I held a pre-Budget Forum in the run up to the recent Budget and I listened carefully to the views of a wide range of organisations representing pensioners, carers, people with disabilities and so on. My priority in Budget 2017 was to make sure that everyone benefits from the recovery - employed, self-employed, retired people, people with disabilities, carers, those who cannot work, urban, rural, young and old.

It also sets out to make work pay through reforms to the PRSI system, including a new deal for the self-employed, and it includes a number of targeted measures to assist lone parents and farmers, among others.

On Budget Day, I announced the first general increase in all weekly rates of payment since 2009. A €5 increase in the weekly rates of payment for all social welfare payments will commence from March, with proportionate increases for qualified adults and those on reduced rates of payment (including jobseekers on age-related reduced rates of payment).
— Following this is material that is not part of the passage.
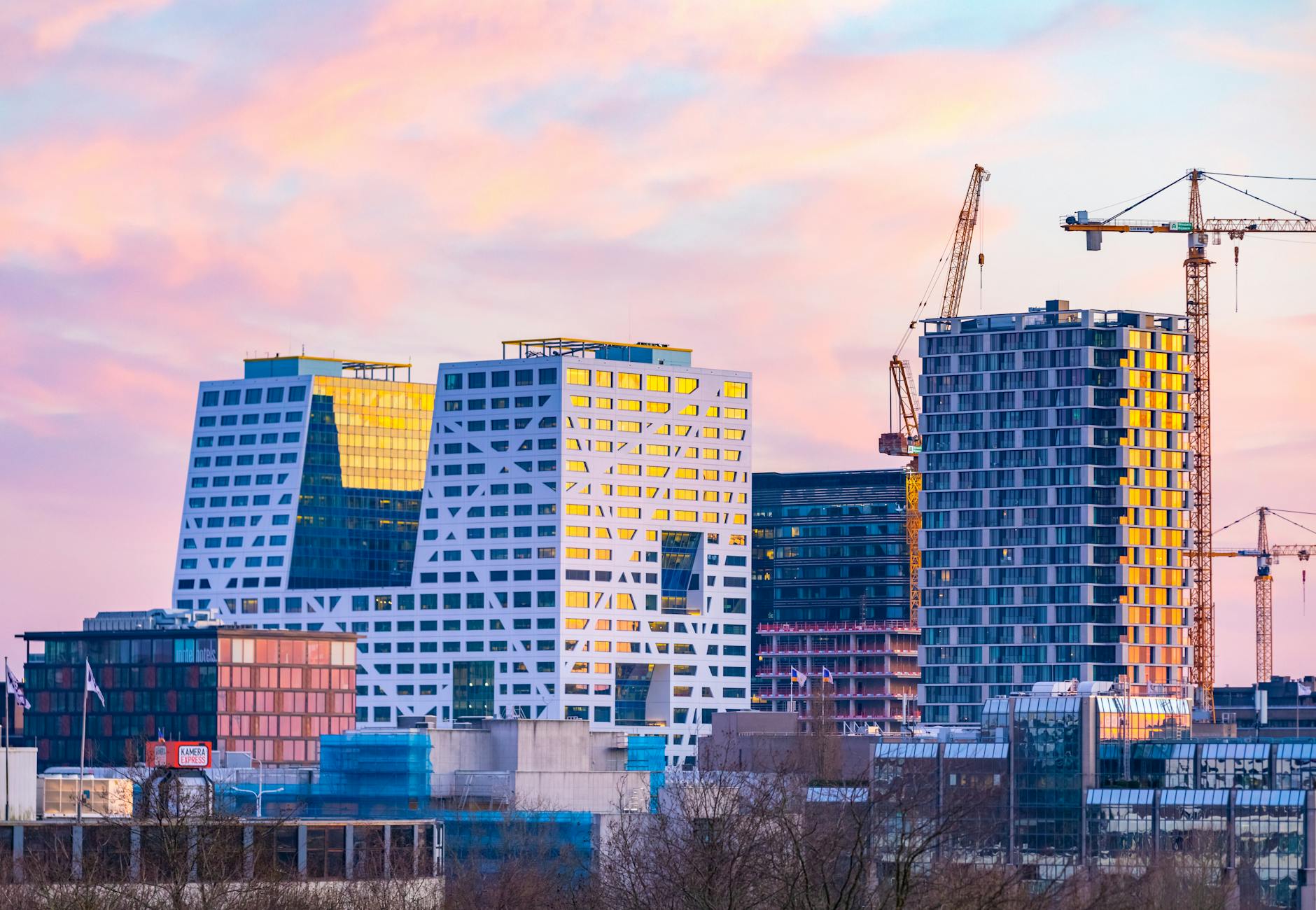 Construction activity in Tampa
Approximately 1.5 million people will benefit from this increase, from pensioners, people with disabilities, carers, lone parents, maternity and paternity benefit recipients to jobseekers.
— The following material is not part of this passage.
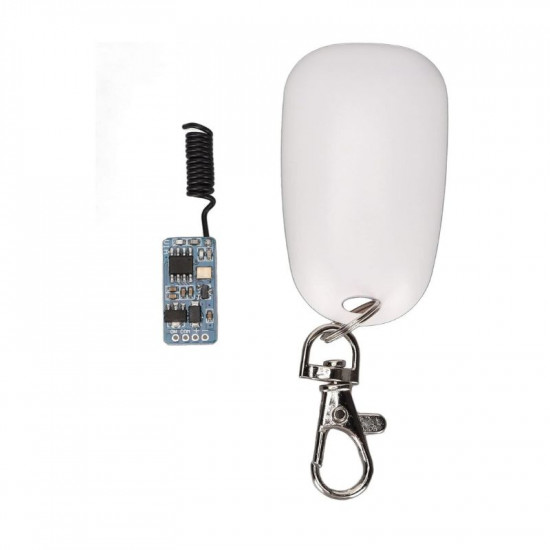 Relais sans Fil RF 315Mhz avec télécommande deux boutons AB ( pour alimentation Robisan )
I am also extending social insurance benefits for the self-employed. From March, Class S PRSI contributors will be able to avail of Treatment Benefit, which includes free eye and dental exams, and contributions towards the cost of hearings aids and contact lenses.

In addition, and more significantly, self-employed contributors will be eligible for the Invalidity Pension. For the first time, this will give the self-employed access to the safety-net of State income supports if they have a serious illness or injury that prevents them from working without having to go through a means test.
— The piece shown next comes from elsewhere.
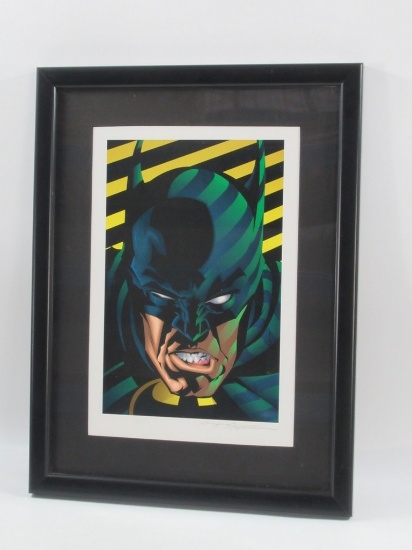 Batman Framed/Signed/Numbered Lithograph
A range of Dental and Optical benefits will also be restored. These will benefit all PRSI paying employees and the self-employed, benefitting approximately 2.5 million people.

There is also a package of measures supporting lone parents in the Budget, encouraging them into the workplace and into education, and helping to reduce their childcare costs. All lone parents on One-Parent Family Payment and Jobseeker’s Transition and Jobseekers Allowance will benefit from the €5 increase in the weekly rates of payment.

A new €500 annual Cost of Education Allowance will be made available to Back to Education Allowance participants with children from the next academic year in September. This will help parents, including lone parents, to return to education.

The income disregards for the One Parent Family Payment and Jobseeker’s Transition payment will rise by €20, from €90 to €110 per week, reversing in part previous reductions, to encourage one parent families to stay in, and return to, work. This will benefit lone parents earning more than €90 per week. For those earning €110 per week or more, it will increase the combined social welfare and earnings income by up to €15 per week from January 2017.

As part of the Government’s commitment to rural Ireland, I announced the total reversal of the Farm Assist measures introduced during the crisis. This is a programme which helps more than 8,000 farm families.

The Social Protection Budget will benefit over 2 million people in Ireland, including the retired, workers, people with disabilities and carers, and the unemployed.

The Budget also represented a significant shift in how the social insurance system interacts with self-employed contributors, with the extension of Treatment Benefits and Invalidity Pension to the self-employed next year. I plan to continue extending cover for the self-employed to other benefits on a phased basis in future Budgets.

The increase in the weekly rates of payment for all social welfare recipients demonstrates that everyone in Irish society can, and will, benefit under this Government from the economic recovery.